┏━━

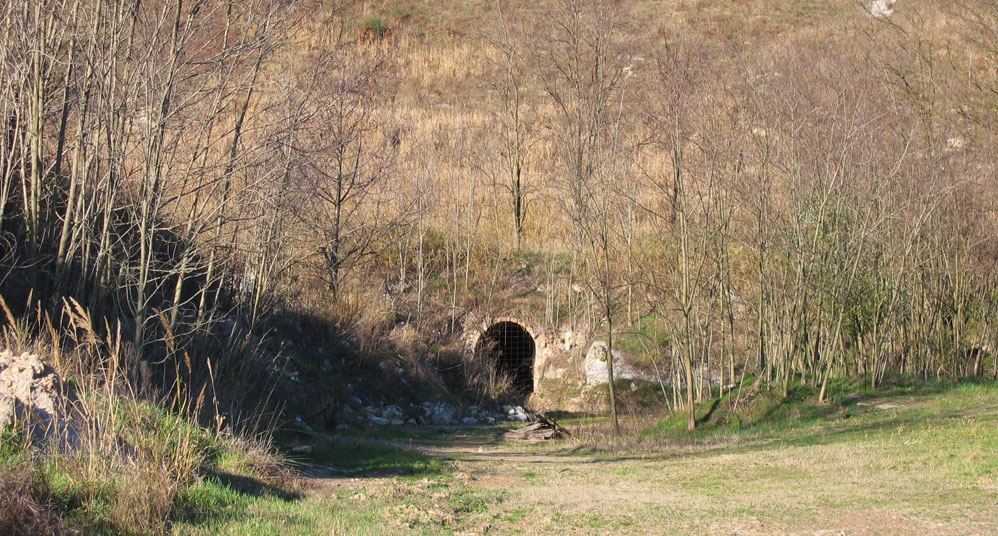 4569 form galleria forni gill.jpg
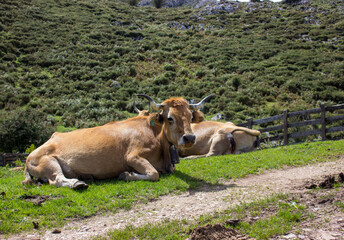 image of a cow lying in a meadow with a mountain background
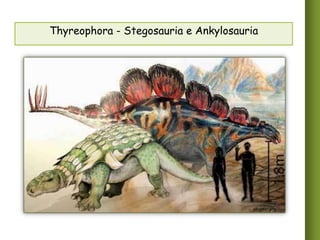 Thyreophora - Stegosauria e Ankylosauria

alligater.org

 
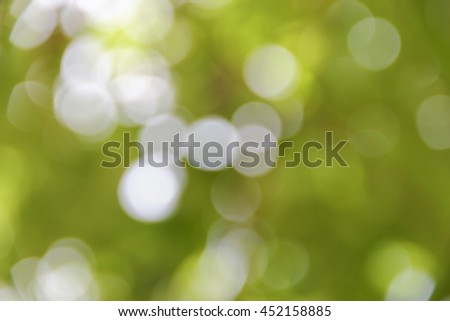 Bokeh natural color background, colorful  leaf of the tree fresh green, abstract blurred foliage and bright summer sunlight with copy space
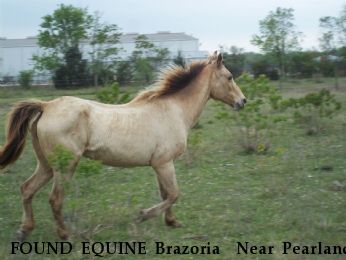 FOUND EQUINE Brazoria  Near Pearland, TX, 77581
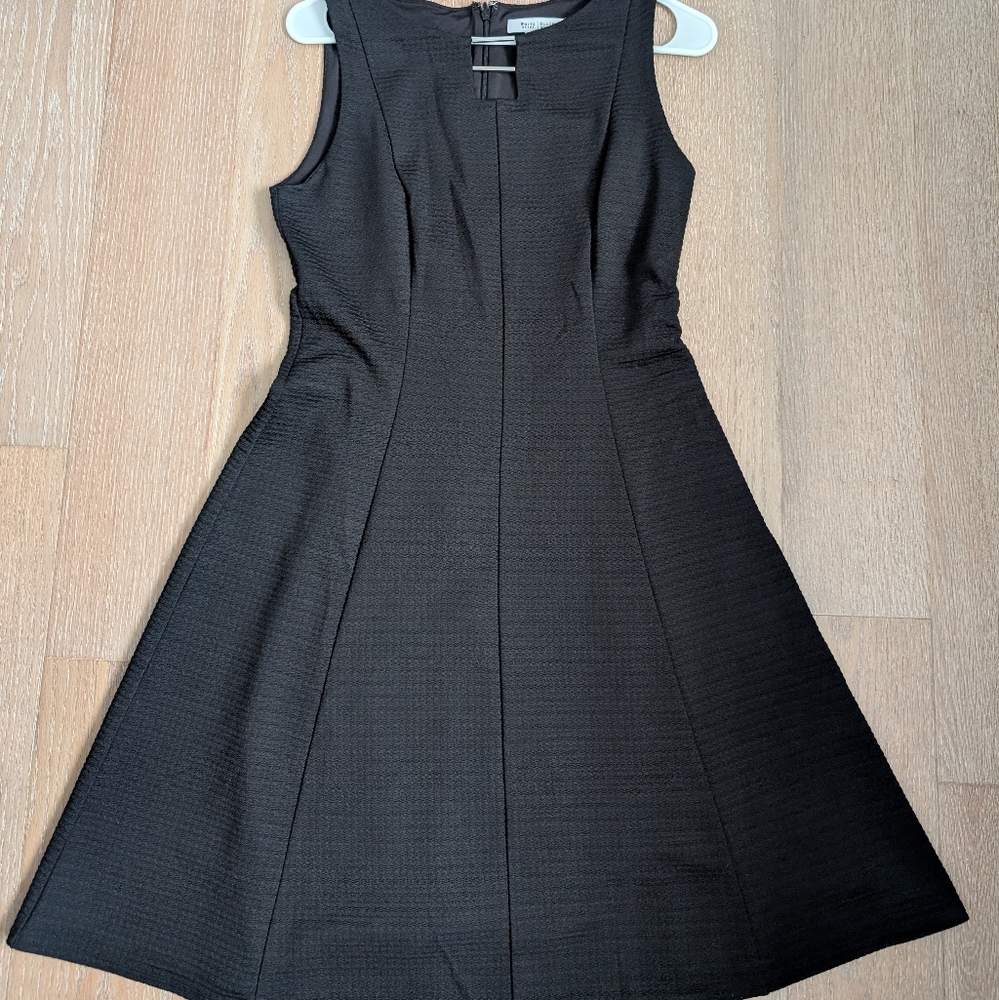 Elegant Black Sleeveless Dress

┗━━

Required action
Retype only the lines from the one with "alligater.org" through the final line of the entries, please, and keep the pictures out.

Solution
alligater.org

 
 Bokeh natural color background, colorful  leaf of the tree fresh green, abstract blurred foliage and bright summer sunlight with copy space
 FOUND EQUINE Brazoria  Near Pearland, TX, 77581
 Elegant Black Sleeveless Dress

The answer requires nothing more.